A review of Tori's April 11, 2005 concert in Philadelphia, PA appeared in the April 13, 2005 edition of The Philadelphia Inquirer.
You can read this review online at philly.com or below. All the reviews for this Philadelphia show can be found here.
Tori Amos, too good yet true
The pop singer played it perfectly safe for her reverential fans.
By Amy Phillips
Tori Amos' performance at Verizon Hall at the Kimmel Center Monday night was a study in perfection.
The acoustics of the Philadelphia Orchestra's home base allowed the flame-haired piano thrush's undulating melodies to float heavenward unobstructed, and her warm, moist vocals to sound like sweet nothings being whispered in each individual audience member's ears.

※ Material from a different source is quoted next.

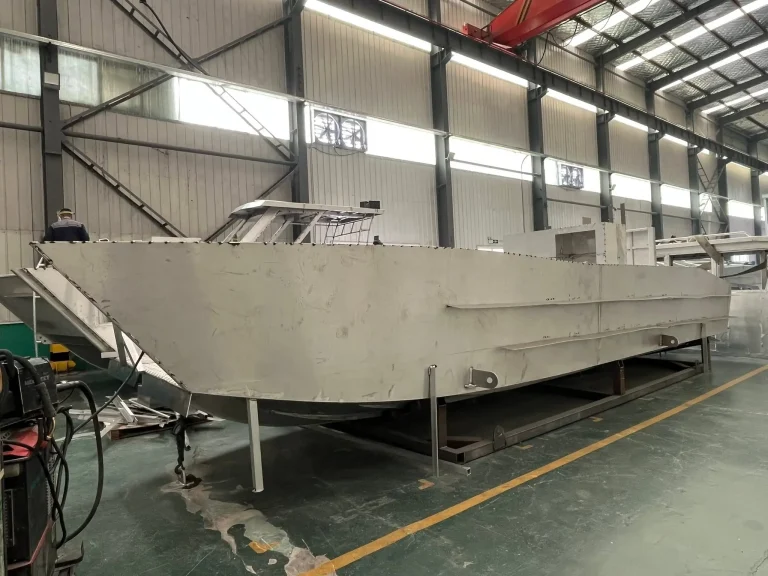 Bare aluminium hull on the factory floor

The sold-out crowd responded with reverential silence as she played, and rapturous applause between songs. Members of Amos' devoted cult of fans frantically text-messaged each other the set list on their cell phones, and a throng of Tori-philes even rushed the stage at the beginning of her encore - perhaps the first time the Kimmel Center's hallowed walls had witnessed such behavior.
Perfection, however, can have its downside. Amos' hour-and-a-half set was so exquisitely wrought that as the night wore on, it started to feel like a glass-encased museum piece rather than a live pop concert.

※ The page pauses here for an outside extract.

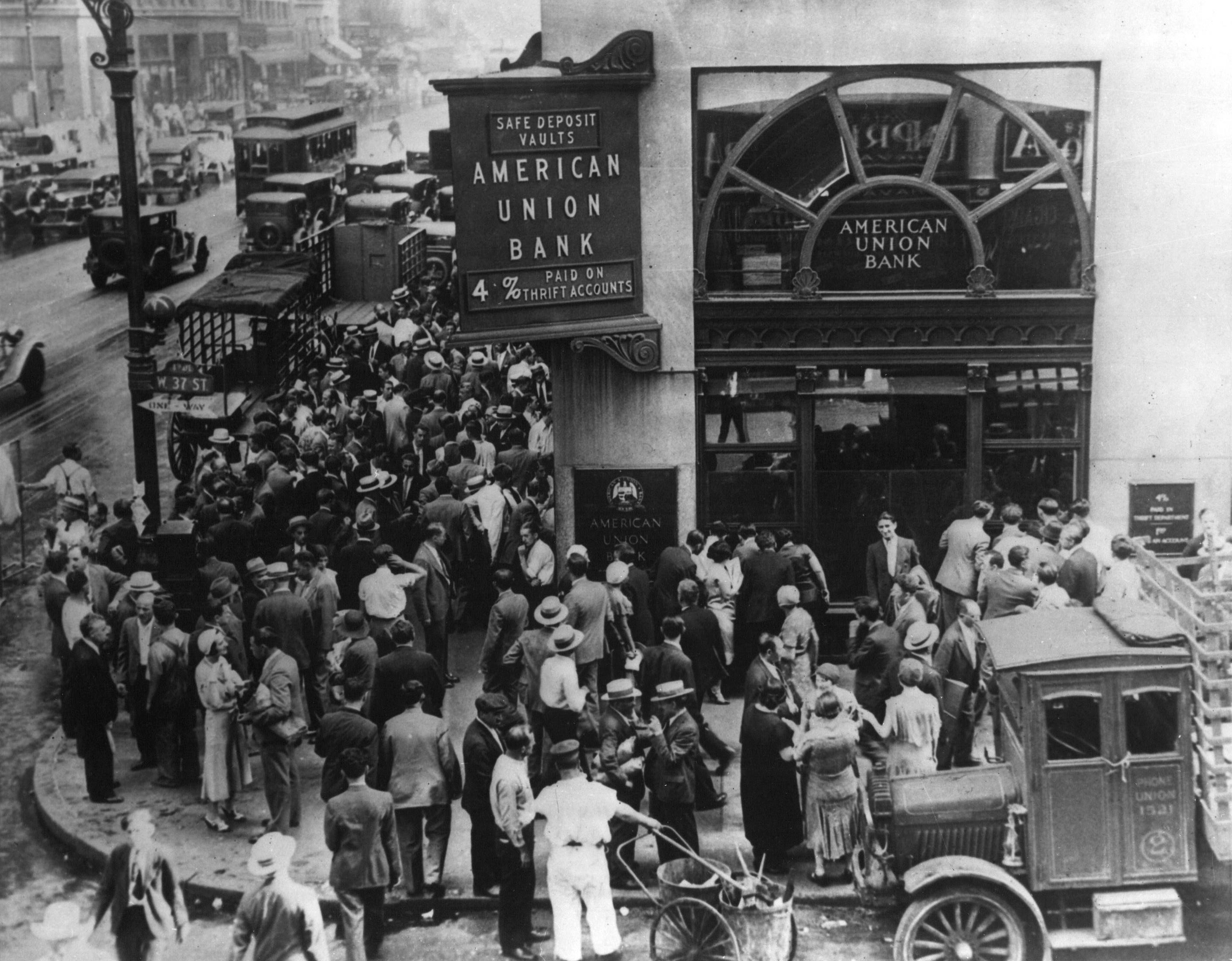 Crowd gathered outside American Union Bank during a decade-defining historical event.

Although she switched between a Bsendorfer grand piano and three different organs - sometimes banging away at two instruments at once - the songs tended to melt together, anonymously.

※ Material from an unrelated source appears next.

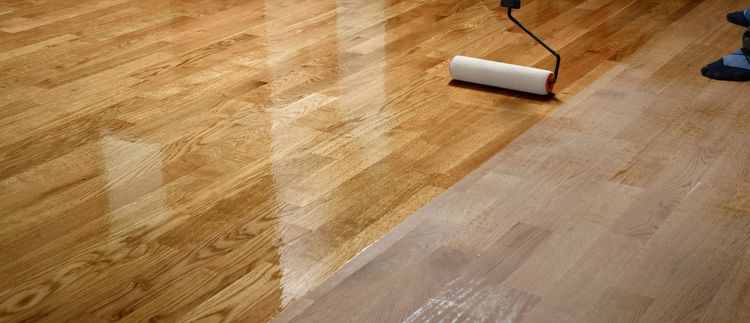 Las manos de una persona instalando paneles de piso laminado de madera de color marrón oscuro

Her renditions of tracks from her latest album, The Beekeeper, such as "Mother Revolution," "The Power of Orange Knickers" and "Toast," as well as old favorites such as "Yes, Anastasia" and "Winter," were slower and more sensuous than the original versions, with Amos lingering over vowel sounds and frequently adding arpeggiated fills. Even a cover of Bruce Springsteen's "Streets of Philadelphia," which Amos said she had never attempted before, seamlessly blended in with the sonic wallpaper.
Watching Tori Amos in action is truly a marvel. She can unite the spiritual and sexual worlds with just a swivel of her hips as she straddles the piano bench, or attack her instrument with the athleticism of a prizefighter. But when she plays it safe, she risks disappearing in her own flawlessness.